The browser add-on Decentraleyes redirects many common requests away from these CDNs to local copies of the same files, avoiding potential compromise. (On the other hand, if a malicious version of Decentraleyes were to be uploaded, you could be compromised in the same way).

Support alternative services

Often, CDNs are used because they are the easiest and most expedient way to make something work. Find and support services that are taking more difficult routes to build better products. For instance, Signal, a nonprofit competitor to Facebook Messenger, WhatsApp, LINE, iMessage, and other message apps, is very open about the steps they take to ensure that they are adhering to a much higher standard of end-to-end encryption.

Make boring, plain websites

As websites become more complex, CDNs become more critical -- both because it is difficult to serve large image, script, and video files without one, and because DDoS attacks can often succeed by exploiting computationally-heavy programs runnable through websites.

Focusing on simplicity brings other benefits: the time that was being used to over-design and distract can instead be spent on making sites more accessible to people with visual impairments, and on building safer, faster, and more reliable systems.

Incentivize secure computing

This suggestion gets into the realm of policy, not individual action. An Internet of better-secured and maintained devices would be safer for everyone, and prevent many attacks before they start.

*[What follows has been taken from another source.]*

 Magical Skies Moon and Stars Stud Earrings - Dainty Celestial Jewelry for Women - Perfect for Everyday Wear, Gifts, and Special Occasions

More secure systems could be incentivized through well-designed government policy. However, there is also a risk that poorly-designed policy could lead to a significant drop in freedom of access to the Internet.

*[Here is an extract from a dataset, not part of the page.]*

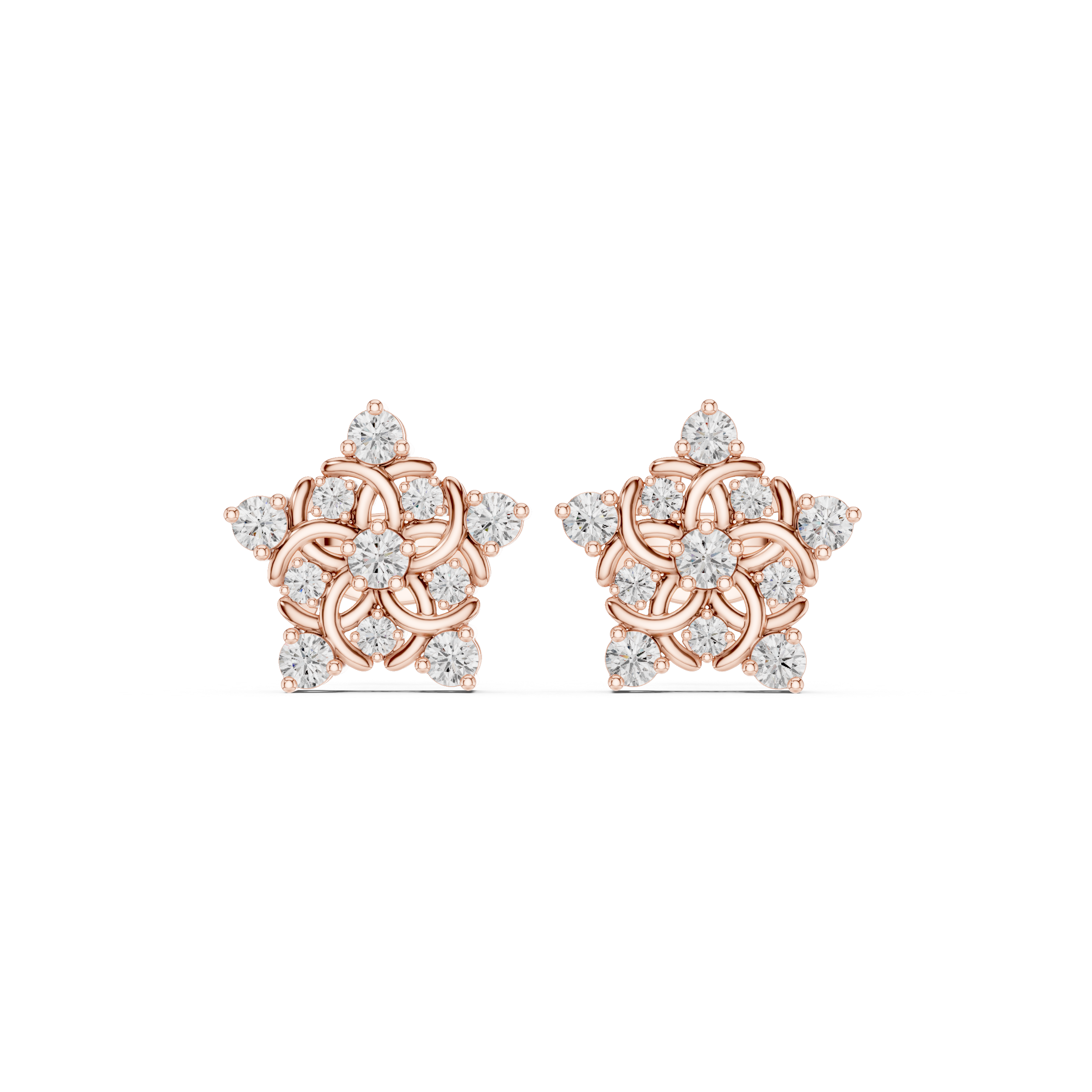 Vintage Star Motif Diamond Stud Earrings – Ornate Circular Design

Better police Internet crime

Increasing the potential costs for attackers by solving a larger portion of Internet crimes is another non-technical and likely necessary solution. Unfortunately, there are many countries that have demonstrated little interest in pursuing criminals within their own borders, as long as those criminals only attack people in other countries. It is difficult to see how this situation could improve in the near future.

Figure out how to build a DDoS-resistant Internet

It is often more difficult, if not impossible, to solve a problem through purely technical means instead of through a combination of social and technical factors. Building a more resilient, decentralized Internet will require both social and technical means.

I do not know where to begin on the technical side, except to comment that nothing in the cryptocurrency or Web3 worlds is the answer. Moxie's commentary on web3 is instructive as to why.

Beyond the end

The problem with building a safe Internet for everyone is that there are many different aspects to safety. Ensuring end to end encryption is just a small part of secure system design, and yet has enough challenges on its own to occupy many lifetimes.

This article began with a simple Civil War encryption system, which was augmented and replaced as new threats emerged. It is unlikely that there will ever be a perfectly safe or secure system, for any definition of those words. Instead, we must continue to build and update our own mental models of how these systems work, constantly asking how they can be made better without losing sight of the context that they operate in.

Or maybe we should just go back to 1980s novelty phones.